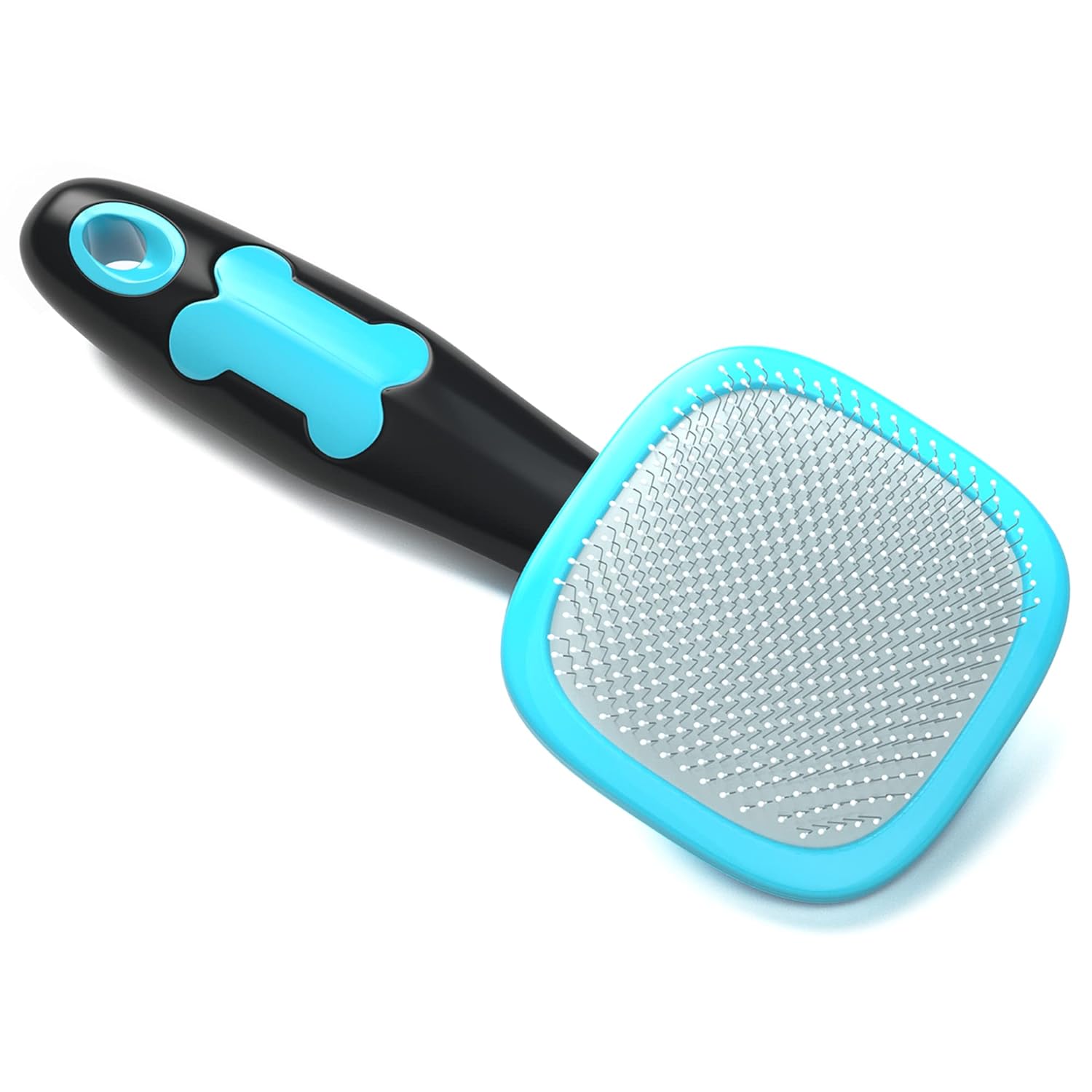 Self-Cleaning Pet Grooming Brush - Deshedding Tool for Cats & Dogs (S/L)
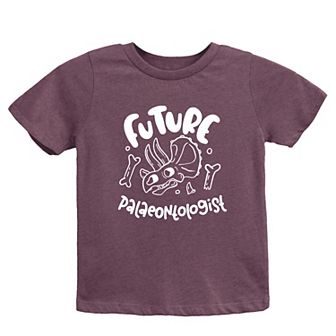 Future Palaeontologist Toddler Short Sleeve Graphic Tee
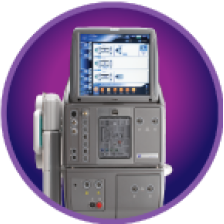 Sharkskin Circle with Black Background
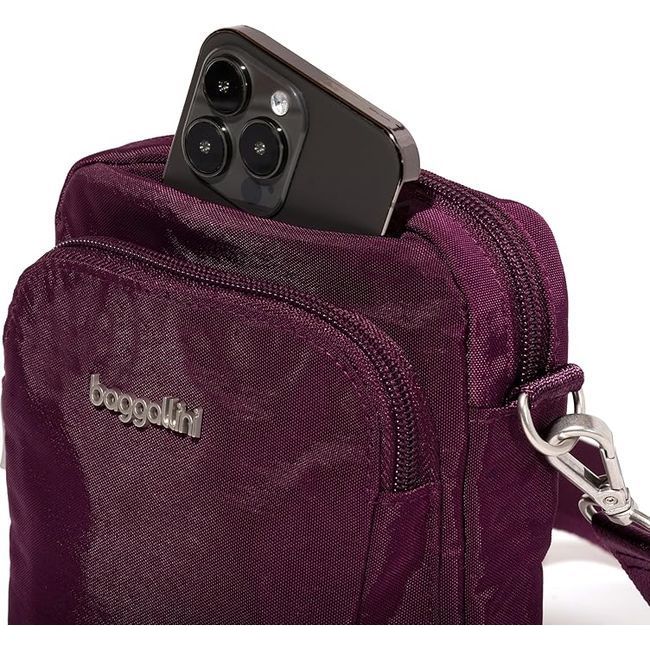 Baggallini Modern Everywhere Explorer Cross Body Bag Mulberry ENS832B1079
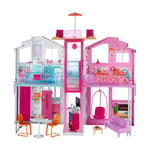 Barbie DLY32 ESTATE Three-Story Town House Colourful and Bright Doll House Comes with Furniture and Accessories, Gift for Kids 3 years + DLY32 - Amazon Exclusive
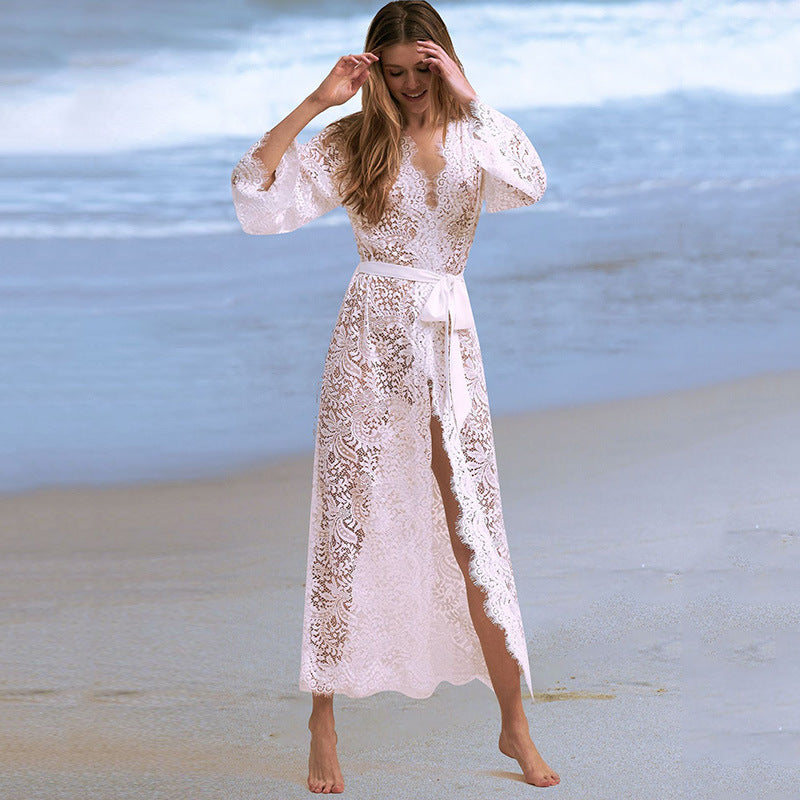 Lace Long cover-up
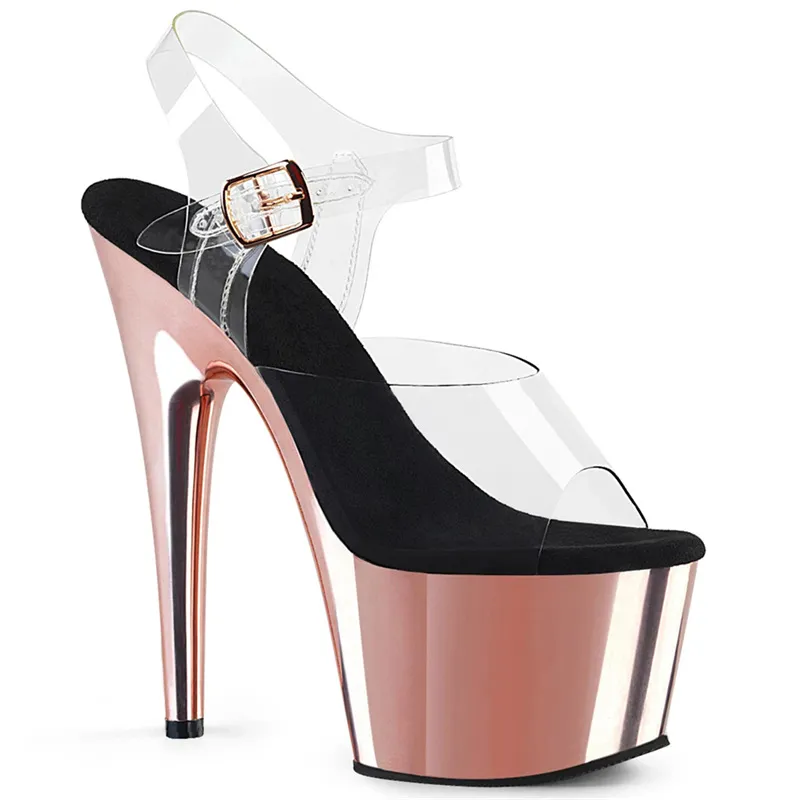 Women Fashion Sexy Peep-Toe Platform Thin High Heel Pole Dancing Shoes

--

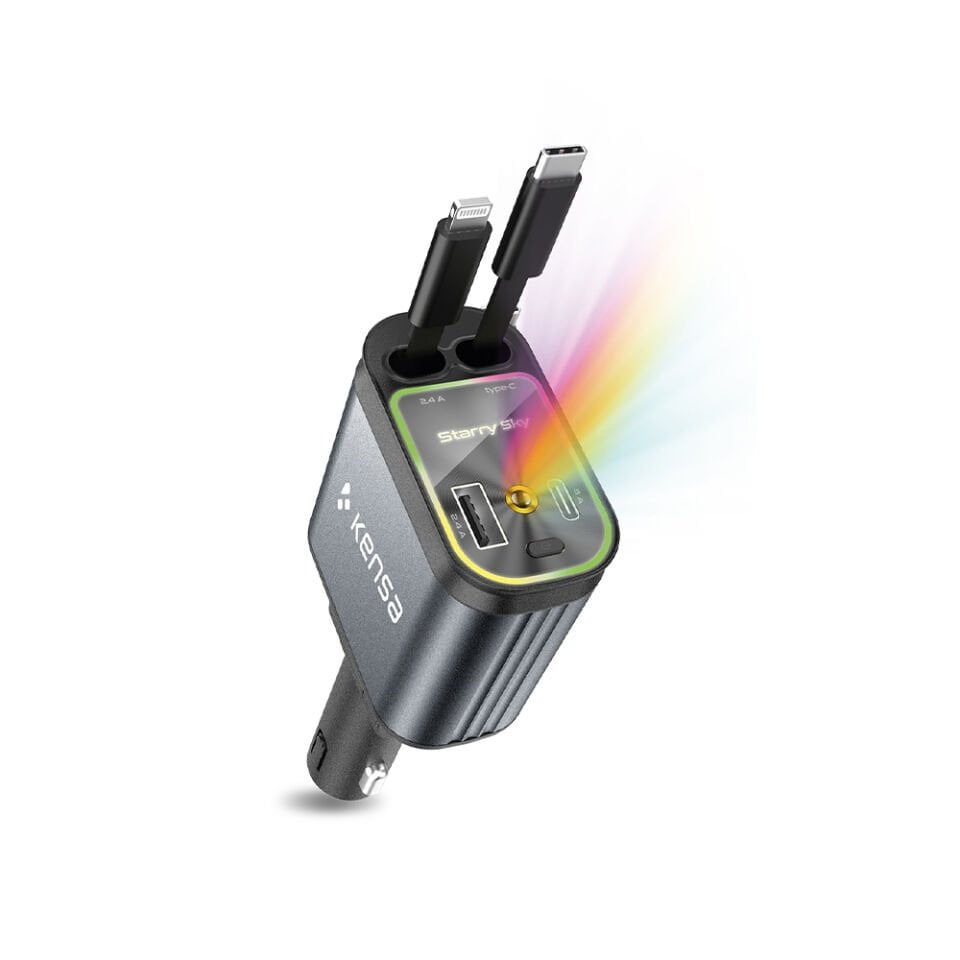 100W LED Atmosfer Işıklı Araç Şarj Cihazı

:: TASK ITEM ::
Write out word for word the lines above that run from the one with "Self-Cleaning Pet Grooming" to the one with "Women Fashion Sexy". Include both end lines; exclude the images.

:: TASK SOLUTION ::
 Self-Cleaning Pet Grooming Brush - Deshedding Tool for Cats & Dogs (S/L)
 Future Palaeontologist Toddler Short Sleeve Graphic Tee
 Sharkskin Circle with Black Background
 Baggallini Modern Everywhere Explorer Cross Body Bag Mulberry ENS832B1079
 Barbie DLY32 ESTATE Three-Story Town House Colourful and Bright Doll House Comes with Furniture and Accessories, Gift for Kids 3 years + DLY32 - Amazon Exclusive
 Lace Long cover-up
 Women Fashion Sexy Peep-Toe Platform Thin High Heel Pole Dancing Shoes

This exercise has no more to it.